Alex Winter’s look at the multi-hyphenate is an expansive two hours bolstered by its unseen footage and stellar editing.
He went by Frank having thought his birth name was Francis Vincent Zappa. It wasn’t until his mid-20s that he discovered his name wasn’t Francis; it was indeed Frank. It’s a fun side note, sure, but it’s also pretty fitting. As his name got tighter, his sonic style became more specific, much more himself from his own perspective. Later, as he became more mature in the traditional sense, his punkier sensibilities expressed themselves in more literal ways. There was music, of course, but also an uptick in speech and activism. The same voice was there. It just became easier to digest and, for a few people, more effective.
By his last years, he even came full circle to his childhood exploits as a composer. Going from Edgard Varèse to 200 Motels and back again is definitely a path one can take, and Zappa does a commendable job at echoing that sort of coke-adjacent counter-culture chaos the artist spun together so uniquely. Is it a clear narrative? Yes, but that’s not necessarily bad. This is about one of the most eccentric multi-hyphenates of the 20th century. Of course the impressionistic bent leaves far more of an impression, and thank God for that.

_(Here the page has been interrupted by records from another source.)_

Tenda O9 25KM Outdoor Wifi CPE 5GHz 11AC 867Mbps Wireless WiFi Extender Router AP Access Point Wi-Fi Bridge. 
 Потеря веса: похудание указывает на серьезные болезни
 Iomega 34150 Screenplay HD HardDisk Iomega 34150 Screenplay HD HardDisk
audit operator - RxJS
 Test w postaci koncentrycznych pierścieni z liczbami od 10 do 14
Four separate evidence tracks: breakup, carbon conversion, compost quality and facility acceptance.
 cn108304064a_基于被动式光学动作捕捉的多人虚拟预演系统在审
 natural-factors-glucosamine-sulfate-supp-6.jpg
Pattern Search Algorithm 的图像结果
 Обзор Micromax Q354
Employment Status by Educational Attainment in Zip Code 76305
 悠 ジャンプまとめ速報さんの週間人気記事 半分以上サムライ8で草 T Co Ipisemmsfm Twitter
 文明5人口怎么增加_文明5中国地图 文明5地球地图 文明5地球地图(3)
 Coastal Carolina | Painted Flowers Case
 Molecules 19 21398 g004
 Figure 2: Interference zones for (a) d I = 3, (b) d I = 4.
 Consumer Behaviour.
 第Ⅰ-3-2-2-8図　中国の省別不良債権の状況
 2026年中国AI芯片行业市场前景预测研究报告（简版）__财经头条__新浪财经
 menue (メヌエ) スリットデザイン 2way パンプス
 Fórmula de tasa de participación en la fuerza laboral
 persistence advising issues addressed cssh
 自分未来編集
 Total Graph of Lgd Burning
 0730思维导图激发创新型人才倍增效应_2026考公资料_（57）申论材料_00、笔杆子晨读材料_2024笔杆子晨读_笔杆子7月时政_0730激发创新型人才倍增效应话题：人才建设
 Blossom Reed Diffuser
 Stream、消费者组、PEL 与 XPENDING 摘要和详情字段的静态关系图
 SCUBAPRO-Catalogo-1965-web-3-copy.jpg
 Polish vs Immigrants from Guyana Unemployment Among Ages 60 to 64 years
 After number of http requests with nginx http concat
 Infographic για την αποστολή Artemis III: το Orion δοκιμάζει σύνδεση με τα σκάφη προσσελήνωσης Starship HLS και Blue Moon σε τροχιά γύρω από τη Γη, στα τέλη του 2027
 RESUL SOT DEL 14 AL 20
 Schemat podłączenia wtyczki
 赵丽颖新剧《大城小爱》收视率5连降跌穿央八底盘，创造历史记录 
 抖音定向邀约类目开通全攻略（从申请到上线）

The usual pieces are there—the talking heads, the oodles of archive footage. What makes it work here, though, is how the documentary plays with those tropes, largely thanks to director Alex Winter (yes, that Alex Winter). Not surprisingly, his composition is that of a musician’s. Footage of and by Zappa as a child splits and stitches itself together. It’s at the film’s, and its subject’s, starting point, that Winter plows through the interviews as if he’s itching to get to the other side. It’s not the steadiest structure, but the point is always there.
Zappa does a commendable job at echoing that sort of coke-adjacent counter-culture chaos the artist spun together so uniquely.
If anything, how Zappa introduces its more familiar components is the weakest link if anything. It never stops in its tracks, but the shift from impressionistic to verbal is jarring enough to feel less like the film telegraphing its own technical arc than a dip into convention, causing the pacing to hiccup and focus to shift. Thankfully, the talking heads are varied enough to evade fluff for the most part. Contemporaries such as Ruth Underwood are more appreciative than praising. Some quick clips of Zappa’s late wife, Gail, further deconstruct his aura by recalling him from a much more familiar perspective.
By the time Bruce Bickford’s ‘70s and ‘80s stop-motion work snakes through, the personal and professional become opposite sides of the same illusion. Despite the plethora of unearthed footage, it’s Mike J. Nichols’ editing that keeps the flow. It keeps the flow by letting it sway back and forth, speeding and stuttering through its themes to blur them together. It’s so light that it avoids turning into simple collage work. Instead, it solidifies Winter’s vision of turning Zappa’s life into a tone poem, and it does so without objectifying or deifying him.
Its issues end up milder, and Winter and Nichols largely absolve themselves of a few inconsistencies. Material not alluding to but directly referencing Zappa’s influence across the globe is early on. It then disappears for about an hour without mention, yet with this comes Zappa’s own growing pains. The scope expands. The impact, like the man himself, is similar even if it appears more mature. From his impacts to his attempts, Winter’s film shows a reverence—within reason. Just because he was grandiose doesn’t make him some sort of god, even with his talents. He’s still Frank, and that’s more than enough.
Zappa hits VOD this Friday, November 27.